Subsequently, the information measures implemented in QUEEN are applied in Chapter 4 to investigate the relation between the information contained in experimental datasets and the quality of resulting structure ensembles. The results show, for the first time, that there is a direct relation between data information content and structural quality. This knowledge is used to derive a new per-residue quality parameter, which provides direct insight into the extent to which structural quality is governed by the experimental input data.

In addition to the quality of the data, the energy parameters used in the final refinement step contribute a mayor influence on the quality of biomolecular NMR structures. The DRESS database, presented in Chapter 5, provides a clear example of this finding. In this database, a set of 100 NMR derived protein structures was re-refined using restrained molecular dynamics in explicit solvent. Validation of the structure ensembles, using approaches discussed in the introductory chapters, demonstrates that both the geometric and overall quality of the NMR structure models in DRESS is significantly improved compared to the original ensembles.

It has become increasingly clear in recent years that the precision of deposited NMR ensembles often overestimates their accuracy, an issue discussed in the first chapter of this thesis. Chapter 6 reports on a method that yields a more realistic estimate of the uncertainty in the atomic coordinates by maximizing the structural variance within an ensemble of structures, while maintaining accordance with the experimentally derived data. The results indicate that the structural variance of most NMR structure ensembles can be significantly increased without compromising geometric quality or the fit to the experimental NMR data.

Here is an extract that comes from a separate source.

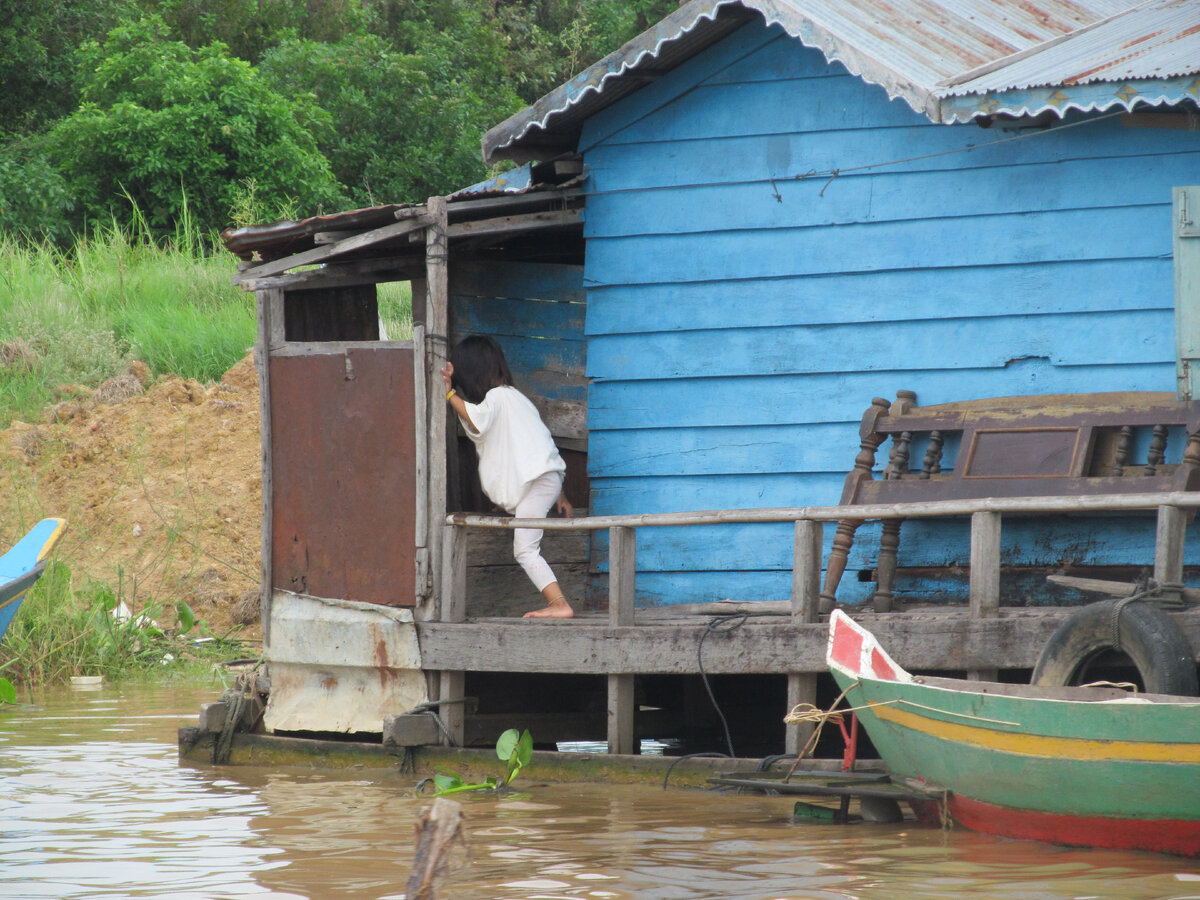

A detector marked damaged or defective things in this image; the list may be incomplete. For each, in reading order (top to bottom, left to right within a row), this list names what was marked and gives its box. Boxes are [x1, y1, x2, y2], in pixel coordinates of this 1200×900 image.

rusted metal sheet [482, 0, 1195, 162]
rusted metal sheet [270, 348, 420, 609]
rusty metal door [270, 348, 420, 609]
rusted metal sheet [265, 595, 429, 734]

Finally, Chapter 7 presents an application of the methodology, tools and knowledge described in this thesis to a practical example. In search of a suitable template to build a homology model for the protein Dynein Light Chain 2A, two NMR structures of this protein were obtained from the Protein Data Bank, both originating from different structural genomics efforts. The folds of the two structures are remarkably different, despite their high sequence identity (96%). In this chapter a detailed analysis of both structure ensembles is presented, which allows us to identify one of the two ensembles as incorrect. Subsequently, the analysis of a large set of structures solved as part of structural genomics efforts shows that this erroneous structure is unfortunately not an isolated incident. In the conclusion, suggestions are offered on how the methods and tools described in this thesis could be applied to prevent such serious errors from occurring in the future.